Going steady, getting heavy: How love and romance can cause weight gain

Delicious chocolates and romantic dates are a few of the things to love about being in a relationship — but there is more that comes along with dating. Studies show that couples in serious relationships are likely to gain weight. Can you afford the love pounds?

You’re single. Maybe you’ve been looking for a relationship for a while. You know physical attraction plays a part in couple compatibility, so you try to stay in shape by working out in your free time and watching your food intake. Then it happens — you meet someone. You hit it off and once you’re comfortable enough with each other, you start caring less about your weight and before you know it, you’re eating out at restaurants instead of going to the gym. The vicious cycle continues as the relationship progresses.
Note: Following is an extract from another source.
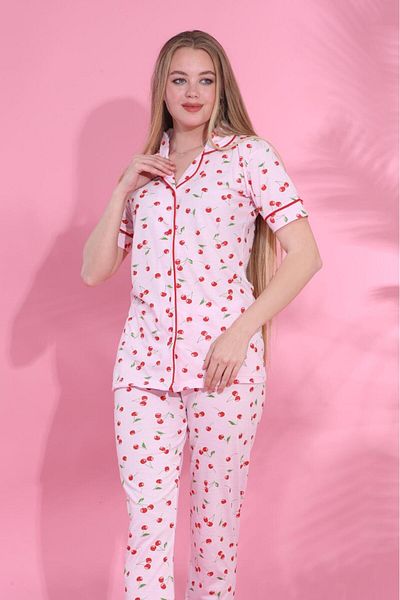 MEBA Women's Buttoned Ribbed Knitted Short Sleeve Pink Cherry Patterned Pajama Set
Jeanette Andrade, a registered dietician at the University, clarified that weight gain for both women and men is in fact very common in relationships. Couples tend to eat out more or cook larger meals since they are no longer providing for themselves individually.

Madison Wilkinson, freshman in Business, attests to this. She and boyfriend Tyler Fowler, junior at Rochelle Township High School, have been together for over a year. They participated in a wide range of activities together such as hiking, fishing, bike riding and tennis. The physical activity was strong, but it was counteracted with their dates to restaurants or movie nights at home.
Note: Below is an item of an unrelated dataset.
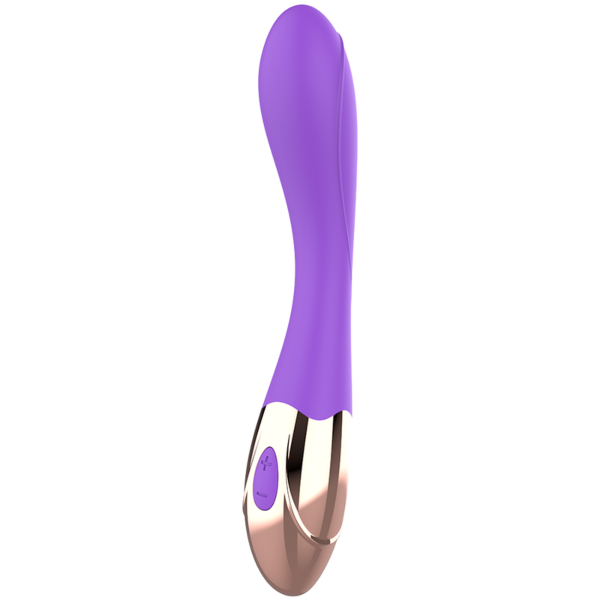 Zakřivený vibrátor na bod G Womanvibe Sunny s reliéfním povrchem ve zlaté a šeříkové barvě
“We hung out often and ate whenever we were hungry. Sometimes I ate more. I feel like I did gain some weight and I was always with him in my free time, so I didn’t go to the gym as much,” she said.

With Fowler back at home, Wilkinson has gotten back into the habit of exercising in her free time. “Now that I’m away in college, I have time to work out more and have lost some weight.”

Andrade said spending time with one another in a relationship can be used to stay healthy. She recommended exercising on a daily basis: walking together or joining a sport. Creating a plan in which the duo logs exercise hours can help them stay on track.

Some couples on campus work out together to burn off the dessert they shared on date night. Customer Service Assistants at the ARC frequently see pairs hitting the gym together. Kyle Janczak, graduate student in Business, said that couples often opt for a cardio workout or lightweight activities, such as basketball, while visiting the gym.

Brianna Goen, senior in LAS, also said students work off the love pounds by joining each other in a game of racket ball or badminton. Pool facilities are also available at the ARC for couples to take advantage of.

Andrade suggested some other tips to keep in mind to prevent weight gain during a relationship:

* Cook from home more often; know what’s going into your food and choose healthy ingredients.

* Use measuring cups and spoons when plating up your food; watch your consumption and only eat enough to satisfy.

* Don’t be tempted by seconds.

* Reduce your alcohol intake because alcohol stores fat in your body.

* “When going out to eat, only eat a small portion they are giving you and choose healthy items like vegetables, baked chicken, salad, water, fruit or broth-based soups like chicken noodle,” she said.

And we thought love was all we were getting in our relationships. If done right, exercising together and making healthy food choices can make the perfect power couple.